With increasing protests and heated discussions related to immigration, it can be difficult to understand what the original purpose of Immigrations and Customs Enforcement was, let alone what the agency is attempting to do now. Unfortunately, this makes it difficult to analyze the agency’s actions. The agency needs to reevaluate its priorities in order to serve its intended purpose: to protect America from the cross-border crime and illegal immigration that threaten national security and public safety.
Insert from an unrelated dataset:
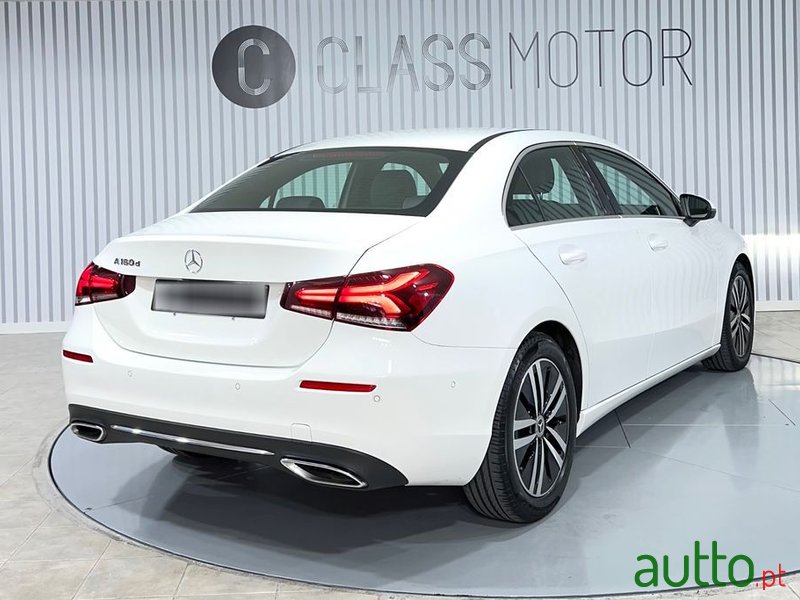 2020' Mercedes-Benz Classe A D Style Plus photo #5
ICE is composed of three major offices: Enforcement and Removal Operations, Homeland Security Investigations (HSI) and the Office of the Principal Legal Advisor. ERO has overshadowed the other branches in recent news because of various reports explaining failures that resulted in preventable deaths in detention centers. Despite lack of media coverage, the other branches actually play key roles in securing America from outside threats. The Office of Principal Legal Advisor and HSI handle the legal actions that affect any illegal action brought to light by ICE. This is important because without these branches, ERO would be able to detain any foreign-looking person who cannot immediately prove citizenship.
Moving forward, it is unlikely that programs like Abolish ICE will actually succeed. However, an extreme motion like this may lead to change. ICE is not completely bad, and if the original goals of mitigating cross-border crime and illegal immigration are revisited, we can have some actual change. As with most federally funded programs, any actions tie back to the politicians, and these policy makers need to reevaluate the effects that ICE is having on overall public safety.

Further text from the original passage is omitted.